Lots of pent up emotions and so I went a lil bonkers today, crying to the boyf over all sorts of shit stuff that isn't even his fault.

Been feeling weird for 3 days already, I don't know how it happened. My trip to Oschool on Friday was fun, yet I went home with a lot of doubts. I wouldn't say that I don't know that my control is bad, but besides that... I don't DANCE. I'm too controlled by my fear and others' judgement. I'm too afraid of being sucky at something. Yeah performance, routines, those that I can go over and over, I'll be more confident. But I lack that one thing that makes a whole lot of difference - I'm afraid to be free. I'm afraid of how I'll look, I worry, I overthink, I don't know my identity. I've been struggling for a long time and now I'm just reminded of it again.

Then came SDD Finals.
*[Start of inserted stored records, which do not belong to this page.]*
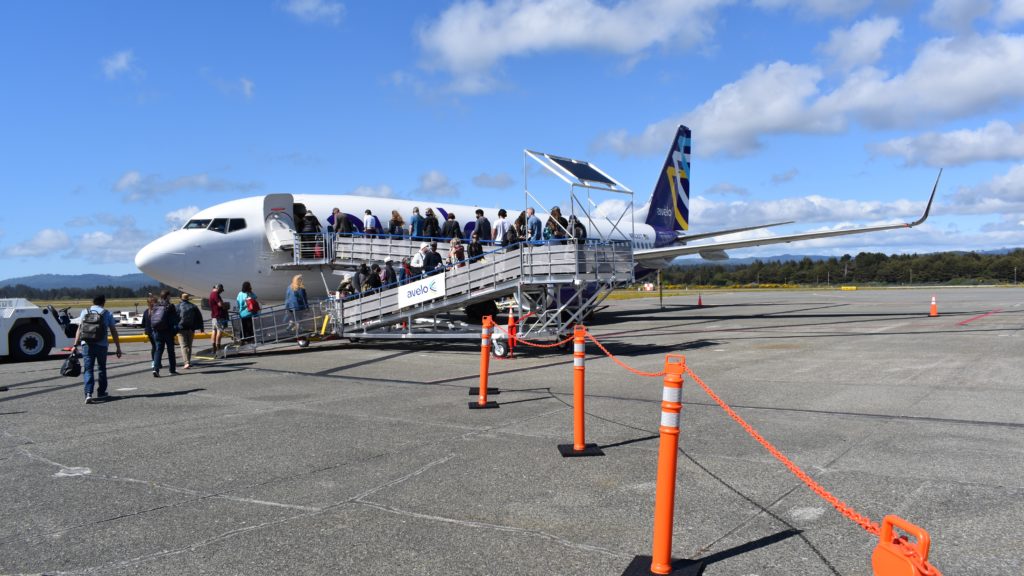 a group of people boarding an airplane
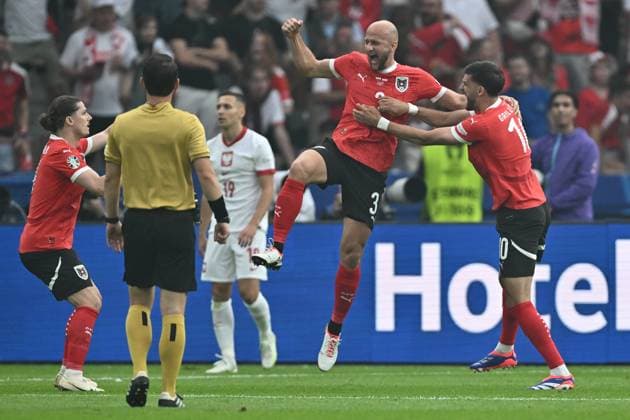 BERLIN, GERMANY - JUNE 21: Gernot Trauner of Austria celebrate with Florian Grillitsch after scoring the first goal for his team during to the UEFA EURO, EM, Europameisterschaft,Fussball 2024 group stage match between Poland and Austria at Olympiastadion on June 21, 2024 in Berlin, G Poland v Austria: Group D - UEFA EURO 2024 Copyright: xSebastianxFrejx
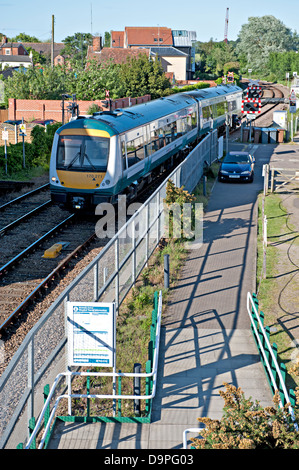 A diesel multiple train approaching Woodbridge Railway Station on the East Suffolk Line in England Stock Photo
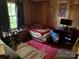 Bedroom with wood paneling, a bright window, and a sports jersey hanging on the wall at 1203 N Charlotte Ave, Monroe, NC 28110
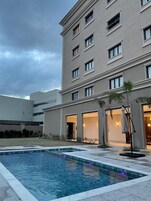 Un hotel con piscina, mobiliario exterior y fachada con varias ventanas.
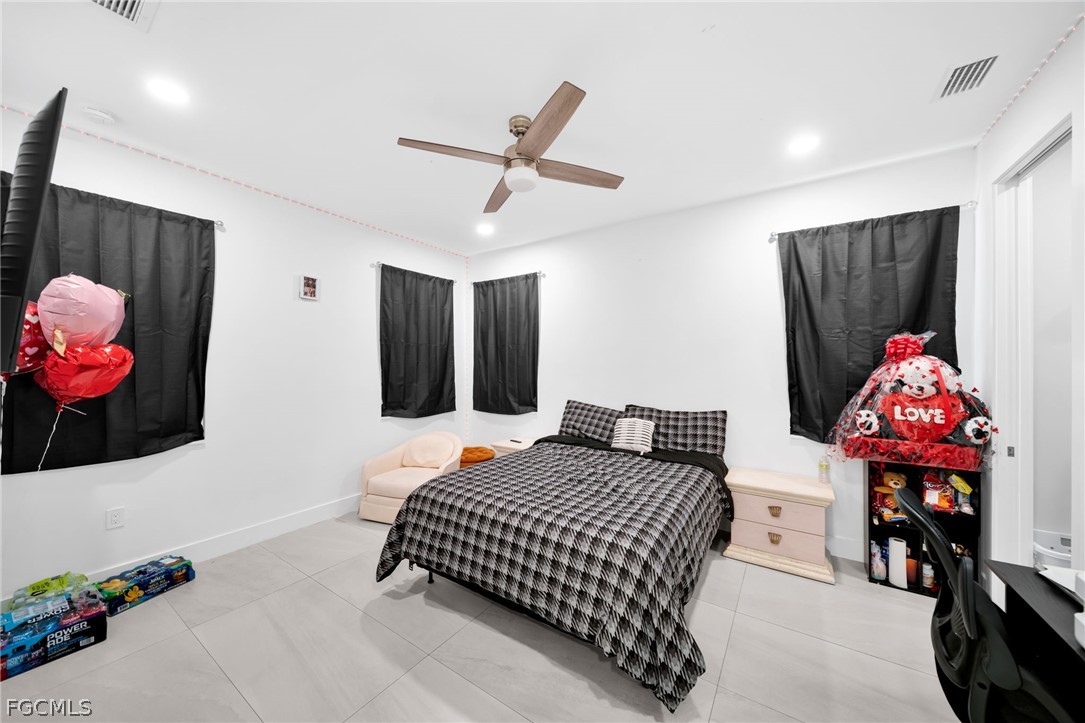 26951 North Riverside Drive Bonita Springs, FL 34135 - Photo 18 of 50 a bedroom with a bed and wooden floor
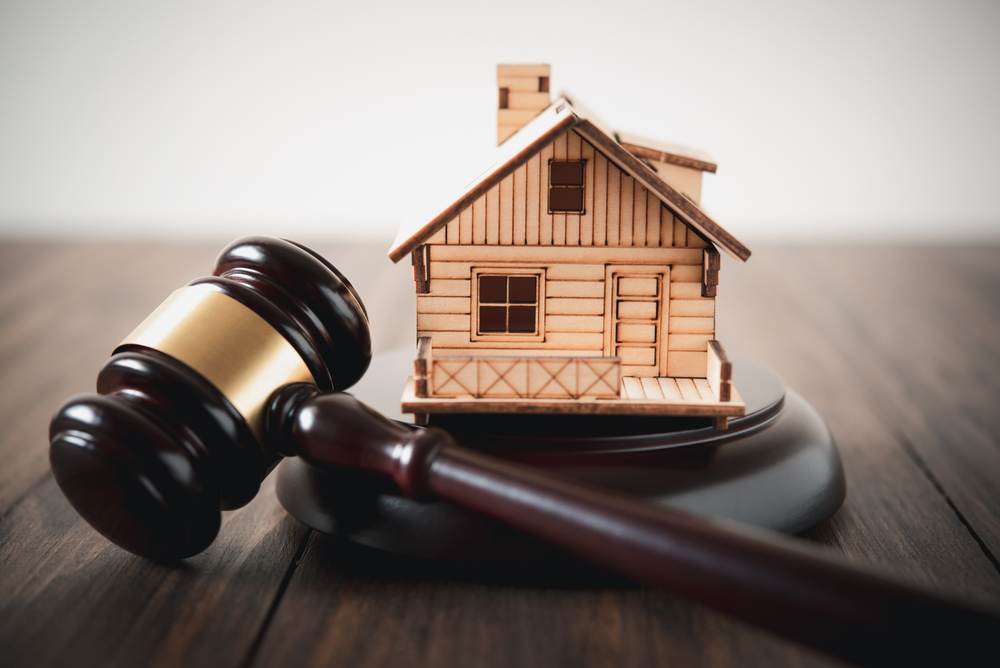 A house and gavel to represent real estate law attorneys lawyers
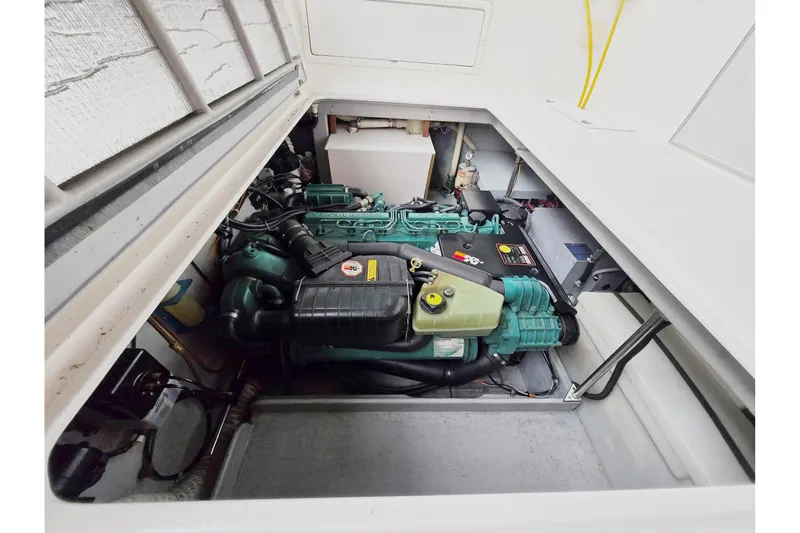 Slide: The Image of Engine compartment of 2001 Commander Flybridge Sedan boat, showcasing detailed machinery. - 40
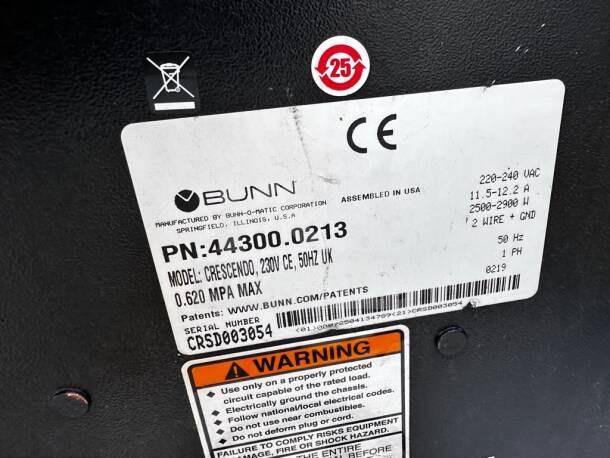 BUNN Crescendo 44300.0213 label, showing model, voltage, and safety instructions. Assembled in USA.
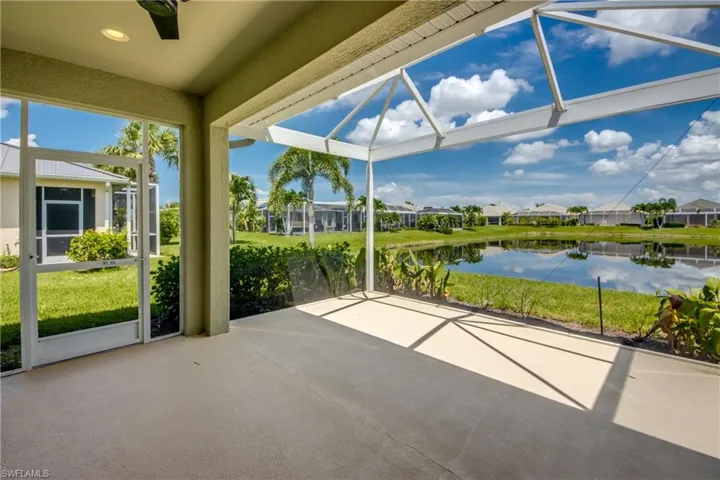 Unfurnished sunroom featuring a water view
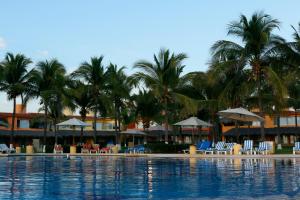 een resort met palmbomen en stoelen en een zwembad bij Villas Playa Blanca in Zihuatanejo
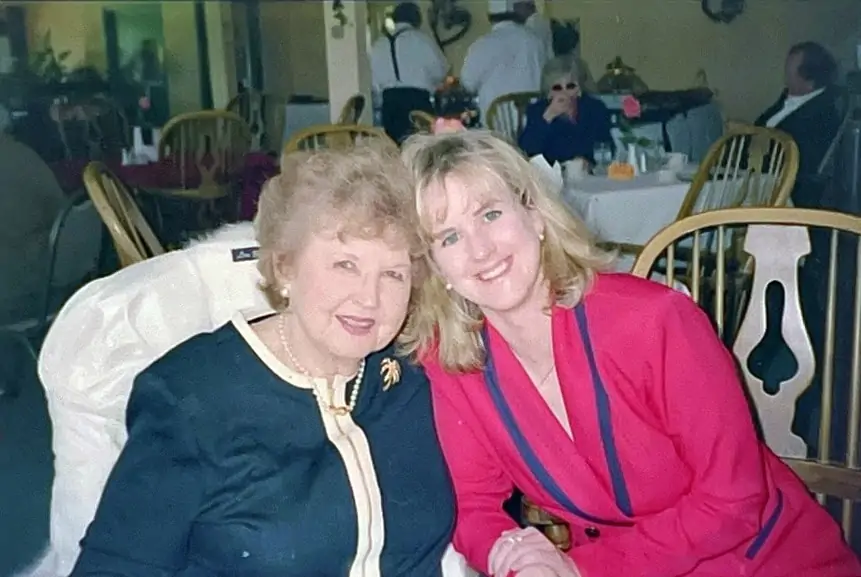 5 (Mostly) Free Apps to Scan Film Negatives With Your Phone 4 Color image scanned from a film negative with the Filmory app: two women, an older red-haired woman in a black and white suit next to a younger blonde woman in a red suit with dark blue trim.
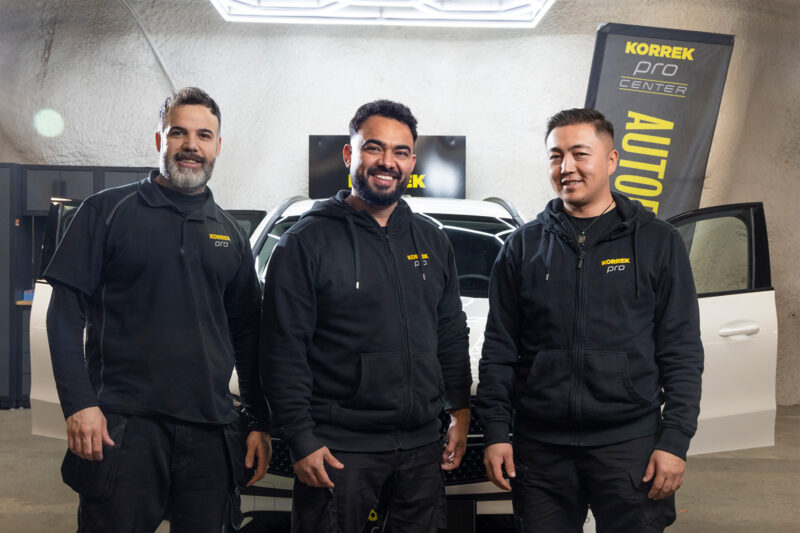 Kolme Korrek Pro Center -ammattilaista valkoisen auton edessä Korrek Pro Center -autopesussa.
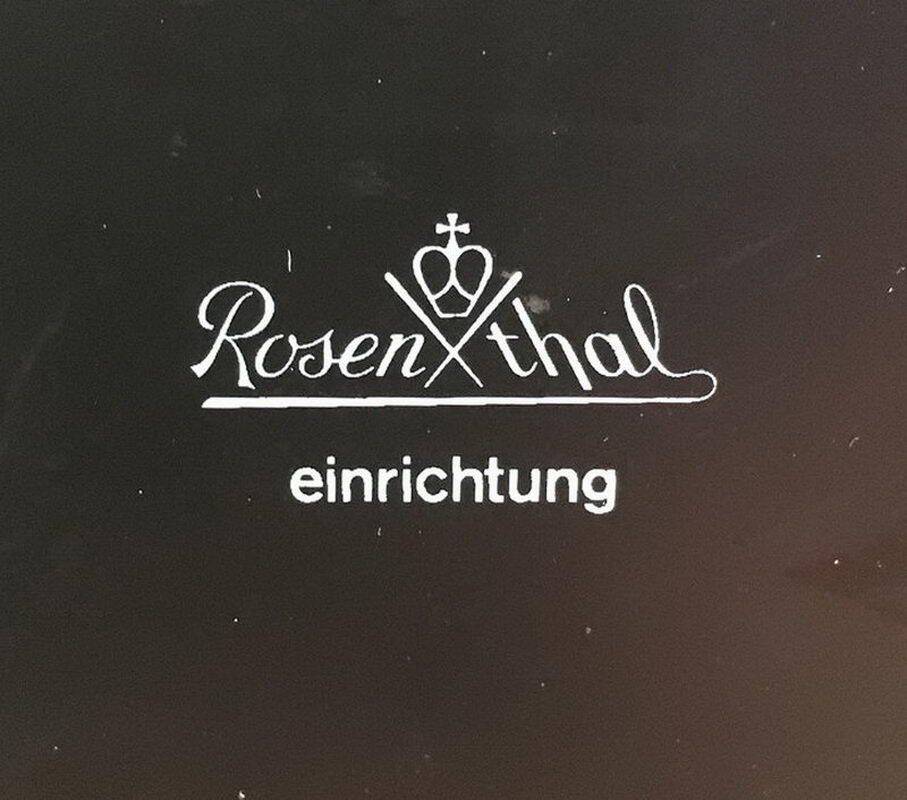 Set of 4 armchairs in leather and black lacquered metal. Rosenthal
It was amazing to watch, and it was extremely inspiring (I really enjoyed Freezky Bots, Elders, Flair Origins, and 4 13 that night). Yet I get so aware of how big the stage in - not the physical size, but how much it really takes to be on that stage and own it. It takes YEARS, it takes hardwork, it takes basics, it takes character, it takes RESILIENCE. I mean just look at Flair Origins, they are the perfect example. & I feel so distant from that stage. Even further, now that I've tried for it, and failed.

Today, MJ got a rare opportunity to take Shaun Evaristo's private class. It was, what I feel, a very needed session of exploration for MJ, for me. Reminds me of the contemp classes and space awareness workshops I've taken in the past, just a whole lot more inspiring. It's amazing how he sees movement, and how he embodies that with such true devotion. I wonder how much time he spent in his LIFE to achieve what he became today. Such an artistic individual, and also a veryvery sincere mentor. I got really irked when some of the dancers started joking about his exercises I mean, really. Feeling stupid is okay, because we're uncomfortable. But ACTING stupid to overcome the awkwardness is so... Disrespectful. Some were even seniors. Ugh okay that aside. Explore, open up. Unlock your body, be aware of every muscle. It's easier said than done. It'll take so much time.

What is dance exactly? I'm getting confused and I keep asking myself the same question over and over.

I dance because I feel good dancing. But as my relationship with dance progressed, it became a commitment. And with every commitment, it takes greater effort. & now it's more than enjoyment. It's hard to get back to level 0 because things are just different now. When I move I no longer just move without overthinking. & that's my problem. I need to be free, like how I used to be. I want to be free. But it is a huge huge struggle for me.

I don't even know if all of these are worth it anymore. I want to be better but... I'm weak. I don't know if I have enough mental strength to push myself anymore. I'm a little weary.

I want a crew. I used to think FLaVa would dance together forever. I wanted it to. I want a crew, I do.

When you go deeper into something, you realise so many things you NEVER did. & things just get complicated. Just like relationships. (Shaun Evaristo mentioned in class today that dancing is a relationship. At that moment I was like WHOA am I a genius, I thought of the same thing as Shaun. Although he meant relationships with external elements like the floor and people around. But wow I thought of the exact same sentence as Shaun. Okay this makes no sense forget it.)

I'm excited for my internship that starts tomorrow, yet I'm dreading it. I mean, my finals just ended. I honestly did not have enough time for myself nor my friends and family. But I guess this is the reality that I have to wake up to. The first four weeks is gonna be INSANE, clashing with s24 practices. It'll be the first time I don't get to see Lester almost everyday (clingy girlfriend alert) but I'll really miss being around him.

Ah I'm just really, having major mood swings right now.